Construct nonzero Derivation of Commutative Ring

Question

Given any ring $R$ and an additive map $d:R \to R$ such that $d(xy)=d(x)y+xd(y)$,
then $d$ is called derivation in ring $R$. For any $r\in R$, take $d_{r}(x)=[x,r]=xr-rx$ is a derivation and named inner derivation.

As we know, the inner derivation of any commutative ring is zero derivation, hence the only thing we could get nonzero derivation is by outter derivation. But we know too for $\mathbb{Z}, \mathbb{Q}, \mathbb{R} ,\mathbb{Z}n$, they don't have such derivation (nonzero derivation).

Taking polynomial ring $\mathbb{R}[x]$ and $\mathbb{Z}[x]$, and define mapping $d_{1}:\mathbb{Z}[x]\rightarrow \mathbb{Z}[x]$ and $d_{2}:\mathbb{R}[x]\rightarrow \mathbb{R}[x]$ by $d_1(p(x))=p'(x)$ and $d_{2}(q(x))=q'(x)$ for all $p(x)\in\mathbb{Z}[x]$ and $q(x)\in\mathbb{R}[x]$, it can be show that they are derivation. Is there any other derivation on them?

and how about any other commutative ring (not polynomial form) that have nonzero derivation? (please give me example)

Answer 1

For the derivations of a polynomial ring $S[x_1,\ldots ,x_n]$ we have the following result; ${\rm Der}_S(S[x_1,\ldots ,x_n])$ is a free $S[x_1,\ldots ,x_n]$-module on the basis $$ \frac{\partial}{\partial x_1},\ldots , \frac{\partial}{\partial x_n}. $$ So for every $f_1,\ldots ,f_n\in S[x_1,\ldots ,x_n]$ there exists a unique derivation $d$ such that $d(x_i)=f_i$.

Besides polynomial rings, also power series rings $S[[x_1,\ldots ,x_n]]$ are commutative rings with nonzero derivations (among many other examples).

Answer 2

Dietrich describes actually the "recipe" for building derivations on a polynomial ring. So for a commutative ring $K$ and a polynomial $f \in K[x]$ you define $d=f\frac{\partial}{\partial x}$, which means that $d(h):=f\frac{\partial h}{\partial x}$, for all $h\in K[x]$. Conversely, any K-linear derivation $d$ of $K[x]$ is of that form, as you easily can show by induction and where $f=d(x)$. Dietrich also told you that this more generally is possible for a polynomial (or power series) ring in multiple variables.
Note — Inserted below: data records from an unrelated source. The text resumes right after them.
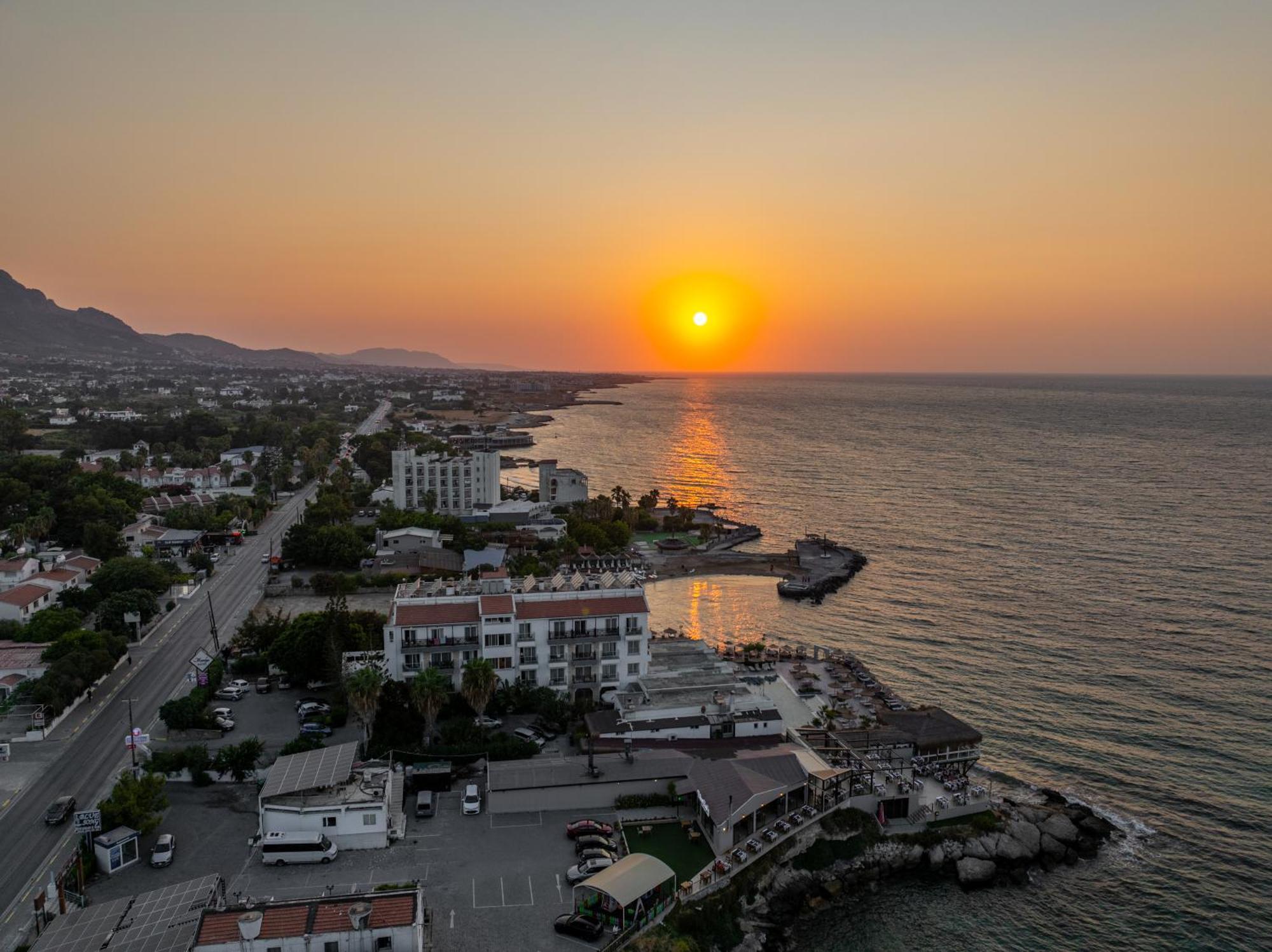 Manolya Hotel Lapithos  Esterno foto
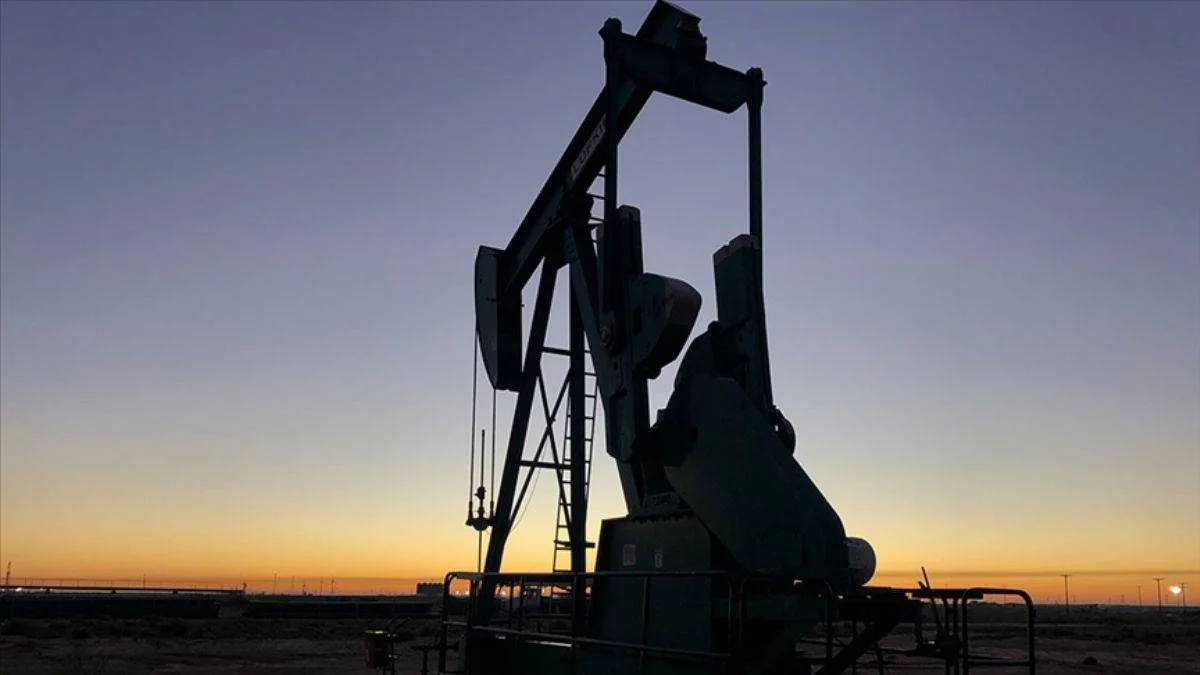 Brent petrolün varil fiyatı 100,19 dolar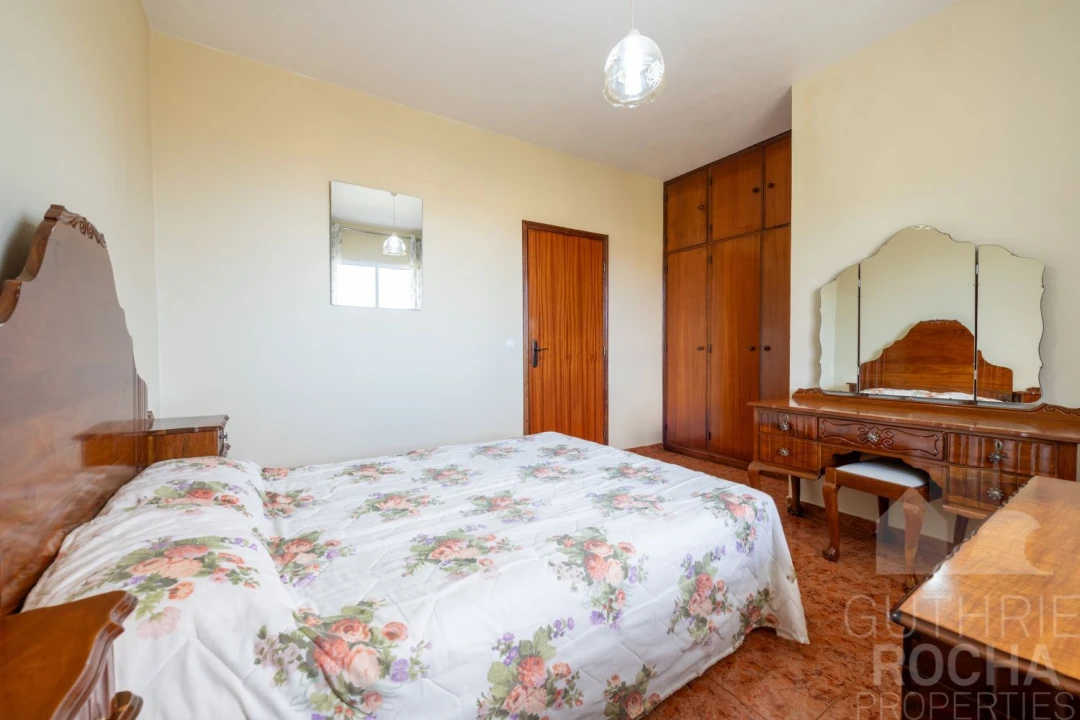 Moradia T4 para Venda em Prazeres Foto 19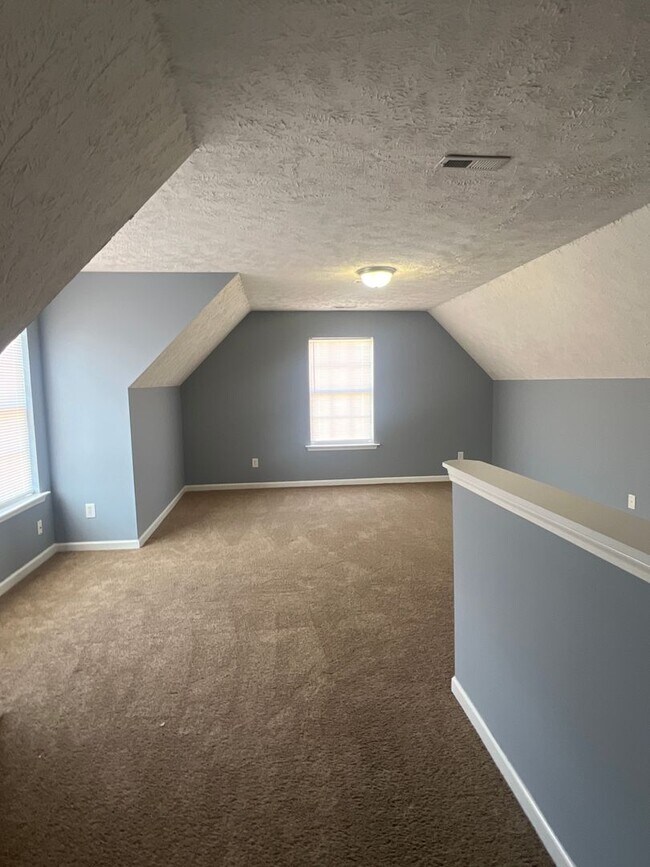 Building Photo - Great location! Close to Everything!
So for an easy example, define $d(x)=x$, which means that $d\left(\sum_{i=0}^n \lambda_i x^i\right)=\sum_{i=1}^n i\lambda_i x^i$ for any $\sum_{i=0}^n \lambda_i x^i\in K[x]$. This is a derivation, that you might not find interesting, but if you construct the "Ore extension" $R=K[x][y;d]$, where $yx=xy+d(x)=xy+x$, then you see that $[y,x]=x$ and you can easily show that $R$ is the enveloping algebra of the $2$-dimensional non-abelian Lie algebra.

Of course, if you have a derivation $d$ on a ring $R$, then you can try to extend $d$ to a possible quotient ring $R/I$. The canonical way would be to define $d(r+I)=d(r)+I$, but to be well-defined, you need that $d(I)\subseteq I$. So here is a concrete example: let $R=K[x,y,z]$, with $K$ a field and $I=\langle x^2+y^2+z^2-1\rangle$. If we define a derivation $d$ on $R$ by $$ d = yz\frac{\partial}{\partial x} + xz\frac{\partial}{\partial y} -2xy\frac{\partial}{\partial z},$$ then $d(x^2+y^2+z^2-1)=0$ and $d$ extends to a derivation of $K[x,y,z]/\langle x^2+y^2+z^2-1\rangle$, which is the coordinate ring of the sphere. Derivations on the coordinate ring of an algebraic variety correspond in general to vector fields on that variety (see here).

Derivations on a commutative domain also extend to its field of fractions, by the usual formula, i.e. if $d$ is a derivation on an integral domain $R$ with field of fraction $Q=\{ab^{-1} \mid a,b\in R, b\neq 0\}$, then define $d(ab^{-1}):=(d(a)b-ad(b))b^{-2}$. Hence if $d$ is the derivation on $K[x]$ defined by $d(x)=x$, with $K$ a field, then $d$ extends to a derivation of the field $K(x)$, where $d(1/x)=-1/x$. The derivation $d$ is $K$-linear, but of course not $K(x)$-linear.

The book "Polynomial derivations and their rings of constants" by Nowicki is a nice book about derivations on polynomial rings (see here).